• What you have to do
Please repeat the lines below, exactly and only, from the one that holds "Tommy Hilfiger Womens" through the one that holds "DIY 100W led".

(Data excerpts)
+++++

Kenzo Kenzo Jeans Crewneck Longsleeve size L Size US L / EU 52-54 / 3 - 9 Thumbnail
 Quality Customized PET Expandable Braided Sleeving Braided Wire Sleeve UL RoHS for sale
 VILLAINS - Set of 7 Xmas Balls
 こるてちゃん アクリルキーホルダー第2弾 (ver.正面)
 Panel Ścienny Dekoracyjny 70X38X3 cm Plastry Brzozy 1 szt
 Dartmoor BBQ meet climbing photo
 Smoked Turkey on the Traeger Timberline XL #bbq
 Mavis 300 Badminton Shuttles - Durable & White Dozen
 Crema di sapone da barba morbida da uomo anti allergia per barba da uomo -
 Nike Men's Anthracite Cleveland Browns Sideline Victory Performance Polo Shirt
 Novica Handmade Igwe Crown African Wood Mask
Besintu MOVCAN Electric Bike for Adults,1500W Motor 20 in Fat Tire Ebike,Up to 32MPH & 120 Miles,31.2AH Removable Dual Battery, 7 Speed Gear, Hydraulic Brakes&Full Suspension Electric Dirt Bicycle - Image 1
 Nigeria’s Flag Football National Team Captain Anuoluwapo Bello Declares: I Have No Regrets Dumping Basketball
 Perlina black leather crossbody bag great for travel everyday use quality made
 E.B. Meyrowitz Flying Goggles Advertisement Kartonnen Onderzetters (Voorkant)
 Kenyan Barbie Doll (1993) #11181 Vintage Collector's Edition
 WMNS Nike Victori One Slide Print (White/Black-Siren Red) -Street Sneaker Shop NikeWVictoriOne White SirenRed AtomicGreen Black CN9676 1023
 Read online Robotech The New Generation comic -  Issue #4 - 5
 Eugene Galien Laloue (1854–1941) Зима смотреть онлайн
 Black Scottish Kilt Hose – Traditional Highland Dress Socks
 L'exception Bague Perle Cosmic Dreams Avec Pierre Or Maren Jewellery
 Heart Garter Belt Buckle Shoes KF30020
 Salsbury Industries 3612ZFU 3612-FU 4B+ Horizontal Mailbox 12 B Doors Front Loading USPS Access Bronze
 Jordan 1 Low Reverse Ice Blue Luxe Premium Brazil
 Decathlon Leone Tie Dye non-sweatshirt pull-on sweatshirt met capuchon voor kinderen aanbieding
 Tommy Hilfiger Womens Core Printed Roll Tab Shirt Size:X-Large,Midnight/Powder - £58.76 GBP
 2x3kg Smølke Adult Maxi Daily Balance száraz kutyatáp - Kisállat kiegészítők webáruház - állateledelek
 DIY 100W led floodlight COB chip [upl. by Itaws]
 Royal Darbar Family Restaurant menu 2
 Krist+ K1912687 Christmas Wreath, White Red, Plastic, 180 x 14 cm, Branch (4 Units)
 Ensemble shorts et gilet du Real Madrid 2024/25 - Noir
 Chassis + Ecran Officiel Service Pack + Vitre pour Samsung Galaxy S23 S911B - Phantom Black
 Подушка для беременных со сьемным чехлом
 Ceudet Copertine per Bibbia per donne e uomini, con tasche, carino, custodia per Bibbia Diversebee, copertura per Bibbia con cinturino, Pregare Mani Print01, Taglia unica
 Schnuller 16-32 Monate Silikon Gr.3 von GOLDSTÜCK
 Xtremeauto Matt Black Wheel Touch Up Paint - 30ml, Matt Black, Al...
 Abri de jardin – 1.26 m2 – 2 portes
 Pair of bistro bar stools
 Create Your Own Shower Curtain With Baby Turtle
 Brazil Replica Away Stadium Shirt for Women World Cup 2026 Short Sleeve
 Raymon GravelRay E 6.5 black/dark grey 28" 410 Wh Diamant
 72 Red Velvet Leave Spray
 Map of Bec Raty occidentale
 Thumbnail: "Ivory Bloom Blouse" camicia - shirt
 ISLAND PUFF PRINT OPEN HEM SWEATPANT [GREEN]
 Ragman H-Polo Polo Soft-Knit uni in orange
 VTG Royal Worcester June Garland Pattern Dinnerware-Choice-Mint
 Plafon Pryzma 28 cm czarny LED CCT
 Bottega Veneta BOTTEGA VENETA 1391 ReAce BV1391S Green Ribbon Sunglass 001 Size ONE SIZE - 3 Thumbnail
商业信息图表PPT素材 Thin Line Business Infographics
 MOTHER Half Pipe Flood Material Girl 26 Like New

+++++

• Written solution
 Tommy Hilfiger Womens Core Printed Roll Tab Shirt Size:X-Large,Midnight/Powder - £58.76 GBP
 2x3kg Smølke Adult Maxi Daily Balance száraz kutyatáp - Kisállat kiegészítők webáruház - állateledelek
 DIY 100W led floodlight COB chip [upl. by Itaws]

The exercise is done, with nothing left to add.